▸ **About this exercise**
Check each line of the data for the string "Pearl". Report how many have it, and give nothing else.

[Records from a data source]

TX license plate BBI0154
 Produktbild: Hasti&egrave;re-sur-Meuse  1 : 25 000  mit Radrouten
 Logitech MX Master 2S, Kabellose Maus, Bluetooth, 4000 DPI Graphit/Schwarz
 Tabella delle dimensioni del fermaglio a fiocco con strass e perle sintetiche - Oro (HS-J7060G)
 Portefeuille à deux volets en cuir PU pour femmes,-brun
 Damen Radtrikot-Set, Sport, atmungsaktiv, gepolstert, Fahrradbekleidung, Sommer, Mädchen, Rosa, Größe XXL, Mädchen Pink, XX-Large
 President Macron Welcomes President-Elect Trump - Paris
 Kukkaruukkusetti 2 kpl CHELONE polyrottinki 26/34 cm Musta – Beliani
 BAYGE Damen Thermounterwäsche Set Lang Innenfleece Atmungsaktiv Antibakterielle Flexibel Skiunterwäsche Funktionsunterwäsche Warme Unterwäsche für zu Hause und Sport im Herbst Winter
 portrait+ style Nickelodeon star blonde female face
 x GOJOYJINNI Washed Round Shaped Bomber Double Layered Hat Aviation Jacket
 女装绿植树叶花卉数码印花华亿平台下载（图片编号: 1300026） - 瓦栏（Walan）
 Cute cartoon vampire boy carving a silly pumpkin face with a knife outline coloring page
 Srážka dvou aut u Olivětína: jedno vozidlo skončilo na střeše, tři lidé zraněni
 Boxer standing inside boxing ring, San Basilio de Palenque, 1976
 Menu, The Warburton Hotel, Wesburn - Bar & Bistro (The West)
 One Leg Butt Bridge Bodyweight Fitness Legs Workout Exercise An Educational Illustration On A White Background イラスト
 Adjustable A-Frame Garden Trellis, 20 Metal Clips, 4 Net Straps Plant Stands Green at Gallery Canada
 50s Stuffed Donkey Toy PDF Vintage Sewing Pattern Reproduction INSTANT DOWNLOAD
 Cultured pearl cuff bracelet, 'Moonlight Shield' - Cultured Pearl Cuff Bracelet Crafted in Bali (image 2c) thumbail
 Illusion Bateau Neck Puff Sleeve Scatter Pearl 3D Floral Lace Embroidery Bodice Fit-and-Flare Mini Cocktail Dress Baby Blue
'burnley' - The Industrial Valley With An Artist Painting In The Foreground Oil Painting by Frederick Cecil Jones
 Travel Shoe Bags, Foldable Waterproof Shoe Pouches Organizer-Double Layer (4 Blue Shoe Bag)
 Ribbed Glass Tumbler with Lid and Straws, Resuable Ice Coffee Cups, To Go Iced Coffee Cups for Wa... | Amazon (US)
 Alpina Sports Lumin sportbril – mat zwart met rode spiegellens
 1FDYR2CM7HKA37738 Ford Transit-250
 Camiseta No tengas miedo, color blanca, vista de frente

▸ **Answer for the task**
2